* Data extract:
*** Block opens ***
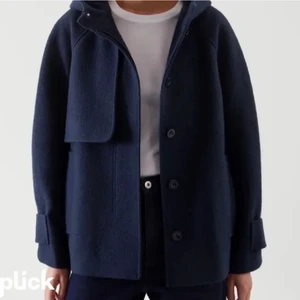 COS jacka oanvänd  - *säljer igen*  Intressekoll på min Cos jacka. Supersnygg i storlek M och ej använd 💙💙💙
*** Block closes ***
*** Block opens ***
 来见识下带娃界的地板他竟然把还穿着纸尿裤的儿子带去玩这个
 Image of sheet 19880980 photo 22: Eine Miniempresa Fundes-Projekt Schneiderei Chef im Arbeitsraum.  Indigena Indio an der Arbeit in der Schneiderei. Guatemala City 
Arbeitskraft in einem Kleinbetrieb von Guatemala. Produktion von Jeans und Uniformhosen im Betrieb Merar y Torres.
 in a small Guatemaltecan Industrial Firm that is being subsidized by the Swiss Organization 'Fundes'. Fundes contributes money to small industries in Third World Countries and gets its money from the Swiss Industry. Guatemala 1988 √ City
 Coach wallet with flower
*** Block closes ***
* Your task: Using the data above, transcribe the lines that run from the line with "in a small Guatemaltecan" to the line with "Coach wallet with flower", both ends kept, and output nothing else.

* Answer to the problem:
 in a small Guatemaltecan Industrial Firm that is being subsidized by the Swiss Organization 'Fundes'. Fundes contributes money to small industries in Third World Countries and gets its money from the Swiss Industry. Guatemala 1988 √ City
 Coach wallet with flower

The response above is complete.